A revealing behind-the-scenes look at Judy Baar Topinka on election day.
Topinka survives primary, but race will be brutal
March 22, 2006
BY LYNN SWEET SUN-TIMES COLUMNIST
It's Tuesday afternoon and I'm watching GOP governor hopeful Judy Baar Topinka, the state treasurer, rehearse her victory speech in the ballroom of the Swissotel on Wacker Drive.
Topinka is not being presumptuous.
It's just that she's never used a TelePrompTer before. Win or lose, she's delivering a speech in a few hours.
It will be one that Democratic Gov. Rod Blagojevich's team will need to pay attention to whether or not Topinka is the Republican nominee.
Topinka's staff prevailed on her to at least try the TelePrompTer because to the television audience she will look more gubernatorial.
"I'm never going to get this down," she says to no one in particular as she squints at the words flowing past her on glassy screens flanking the podium.
"I really don't like this." She thinks her speech is way too long.
Some of her staffers watch the practice, including Roger Germann, a speechwriter; David Loveday, a spokesman; and Nancy Kimmee, her top strategist on leave from her chief of staff position at the treasurer's office. Many of the aides carry white binders, filled each day of the primary season with fresh briefing papers.
Tuesday's primary decides whether there are Wednesday pages.
Topinka is nervous. She's a little tired.

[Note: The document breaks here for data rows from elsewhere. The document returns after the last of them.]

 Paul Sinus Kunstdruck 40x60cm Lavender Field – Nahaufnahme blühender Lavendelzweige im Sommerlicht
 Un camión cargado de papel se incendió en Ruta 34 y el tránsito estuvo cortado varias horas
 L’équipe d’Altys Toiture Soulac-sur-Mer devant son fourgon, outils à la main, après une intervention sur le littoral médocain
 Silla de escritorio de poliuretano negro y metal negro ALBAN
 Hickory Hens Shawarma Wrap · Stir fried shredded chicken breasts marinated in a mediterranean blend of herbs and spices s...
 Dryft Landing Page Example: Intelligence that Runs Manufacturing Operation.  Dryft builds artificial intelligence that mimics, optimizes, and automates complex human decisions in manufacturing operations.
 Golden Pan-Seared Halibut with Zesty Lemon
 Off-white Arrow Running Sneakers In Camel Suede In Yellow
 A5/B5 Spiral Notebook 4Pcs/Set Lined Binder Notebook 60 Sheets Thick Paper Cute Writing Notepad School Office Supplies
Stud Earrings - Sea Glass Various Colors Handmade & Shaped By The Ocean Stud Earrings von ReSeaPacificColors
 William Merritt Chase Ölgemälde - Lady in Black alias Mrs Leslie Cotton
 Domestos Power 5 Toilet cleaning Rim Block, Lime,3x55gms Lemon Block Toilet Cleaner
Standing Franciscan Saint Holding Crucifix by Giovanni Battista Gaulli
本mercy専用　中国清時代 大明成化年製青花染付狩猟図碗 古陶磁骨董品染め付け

She was up before 5 a.m., went to vote and then returned home in west suburban Riverside to go back to bed.
Breakfast was leftover apple strudel. Lunch, Chinese takeout someone dropped off.
She's wearing a suit, a Jones New York jacket and skirt. She has on loafers, because ever since a mangled bunion surgery she's had a hard time with pumps.
I think I notice something. Her suit looks new.
New as in not worn before, not just newly bought. A staffer picked it out for Topinka on Monday at Field's. Topinka, the thrift store secondhand queen, was painfully forced under the time pressures of the campaign to buy new and pay retail.
'This is a little bigger'
She's trying to stay calm.
"This is a little bigger than stuff we usually do," she tells me as she sips caffeinated coffee, black, from a straw. "It has me a little edgy. So I have to keep a little more calm."
The primary ended with Topinka taking negative fire. There's a GOP unity breakfast set for this morning (at the aptly named W Hotel) where everyone is supposed to make up and move ahead to the general election race against Blagojevich.
Topinka's main rivals were millionaires who bankrolled their bids: dairy magnate Jim Oberweis, who also runs an investment fund; business mogul and civic leader Ron Gidwitz; and state Sen. Bill Brady (R-Bloomington).
Collectively, they got to her.
Mission: Topple Blagojevich
"I was really amazed at how mean, I suppose, my opponents could be in terms of character assassination and making things up and just saying absolutely anything," she says. "There was just no restraint whatsoever."
What has she learned about herself during the race?
"That I am very resilient," she says. "Very resilient, and that basically I have a peace within myself in that I don't need rewards."
If she is the GOP nominee, Topinka tells me early on Tuesday, she plans a frontal assault on Blagojevich in her victory speech. He's had his chance, she's going to say. It's time for him to go.
If she falls short, she says, she'll wing her speech. "If I have to say goodbye," she says, "it will be from the heart."
But a long day is followed by a long evening. And much later, well into a see-saw election night, when Topinka finally does step before the cameras, she salvages only a single line from her rehearsed speech. And even this she delivers with a new spin: "Give Rod his retirement papers."
By the time you read this, the November campaign for governor will have roared to life.
This morning, Blagojevich is booked on the morning television shows. Then he heads to a Northwest Side fence company for a press conference.
Blagojevich's re-election strategy calls for making abortion a centerpiece issue of the fall campaign. And, given that, it's telling where he spent election eve Monday night: at a home in Evanston, at a fund-raiser sponsored for him by Planned Parenthood of Illinois and Personal PAC, a political action committee that supports abortion rights.
Get ready. The months ahead will be brutal.
Lynn Sweet is the Washington bureau chief for the Chicago Sun-Times.